As part of the final PFS recommendations, CIMA+ stresses on the fact that more extensive metallurgical testing should be undertaken under the FS stage including:

  • Development of a strategy and recipe for a detailed metallurgical test program to optimize process performance and confirm the metallurgical design including mineralogy, characterization of heating properties of quartz, thermal stability by shock heating, melting properties by Sessile drop test, phase transformation during heat treatment, and simulation of Si production process in medium scale. In addition, more detailed pilot‑scale ferrosilicon production should executed
  • Investigation of the option to produce Metallurgical Silicon (mgSi) as final product as a pose to FeSi75 or be capable to produce both products.

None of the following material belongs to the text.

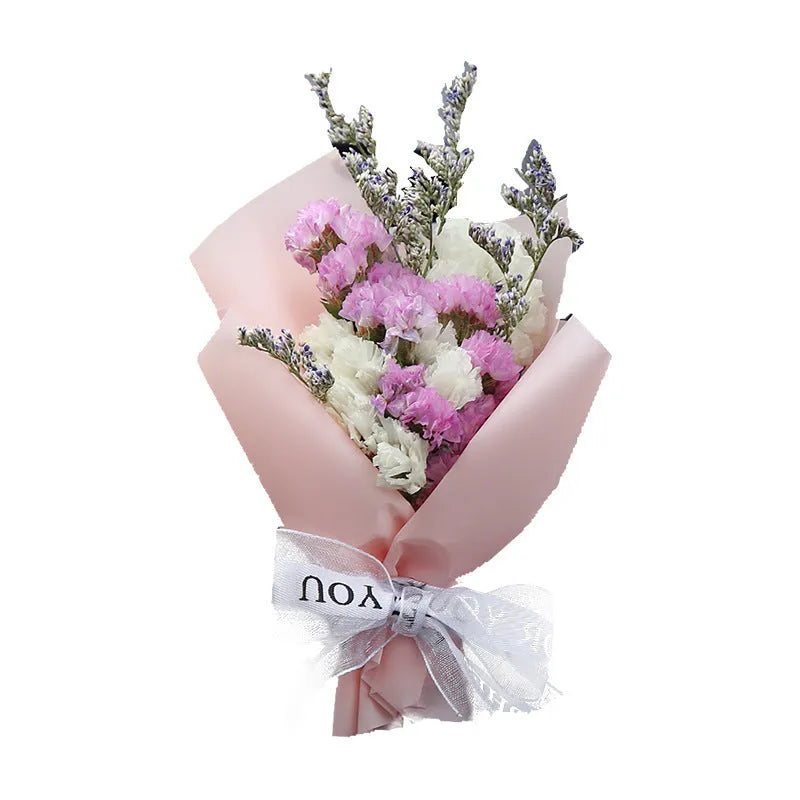 Mini dried flower bouquet clipped onto a car air vent, showing pink and white floral style.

The detailed metallurgical test program recipe will be developed by CIMA+ prior to the FS stage and will result in testing sufficient to FS and EPCM of the proposed facility.

Processing and Smelting (no changes from Original to Amended PFS)

The Langis silica deposit will be quarried and recovered for use as a feedstock into a downstream ferrosilicon smelter in Baie‑Comeau to produce metallurgical products such as FeSi75 (ferrosilicon 75 standard).

Process steps at the quarry site will consist of blasting, crushing, and sizing the silica before transportation to the smelter. Silica that is too fine for use in the smelter can be marketed to local industries, while lumps will be used directly in the smelter.

The smelter at Baie‑Comeau will produce FeSi75 by a pyrometallurgical process that combines silica from the Langis quarry with a coal for fixed carbon source, iron ore, and wood chips in an SAF in which these raw materials are smelted into ferrosilicon. Molten ferrosilicon is tapped from the furnace into ladles, and then a multiple layer casting method will be used. The solidifying product is crushed and classified into saleable FeSi75 products after sufficient cooling.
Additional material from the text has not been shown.